Key priorities include calls to end bombing campaigns, freeing political prisoners, and establishing "mechanisms for the delivery of humanitarian aid".
The source said that the opposition figures would not immediately insist on establishing a transitional government to ease Assad from power.
"These first discussions are only the start of a long process," the source said, speaking on condition of anonymity over fears of derailing the sensitive encounter.
Assad himself has played down expectations for the meeting, calling into doubt the legitimacy of some of the opposition involved.
The United States has given its backing to the talks in Moscow amid signs that Washington may be recalibrating its Syria policy to focus on the Islamic State jihadist group, which has taken control of swaths of Iraq and Syria, rather than Assad's exit.
On the ground in Syria, a 24-hour deadline was ticking down on a threat by IS militants to kill both a Japanese hostage and a Jordanian pilot unless Amman releases a female bomber.
Japanese Prime Minister Shinzo Abe slammed the chilling video threat to murder freelance journalist Kenji Goto and airman Maaz al-Kassasbeh as "utterly despicable".
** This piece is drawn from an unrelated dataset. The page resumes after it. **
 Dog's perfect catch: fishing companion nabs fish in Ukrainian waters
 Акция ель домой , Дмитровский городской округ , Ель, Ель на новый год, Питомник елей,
Tokyo has appealed for Jordan's help after an earlier video emerged at the weekend in which the extremist group announced it had murdered another Japanese hostage Haruna Yukawa, a self-employed contractor kidnapped in August.
The father of the Jordanian pilot Kassasbeh has urged the authorities in Amman to save his son "at any price".
The latest execution threat from IS -- which has also beheaded two U.S. reporters, an American aid worker and two British aid workers -- arrived as Kurdish forces fought jihadi fighters around the key border town of Kobane on Tuesday.
The town's recent recapture marked a symbolic and strategic blow against IS, but officials warn massive reconstruction is needed and the fight would continue for the surrounding villages.
Further highlighting the overspill from the conflict in Syria, Israel on Wednesday said it had carried out overnight raids on Syrian military targets after accusing Damascus of launching rocket strikes at the Israeli-controlled Golan Heights.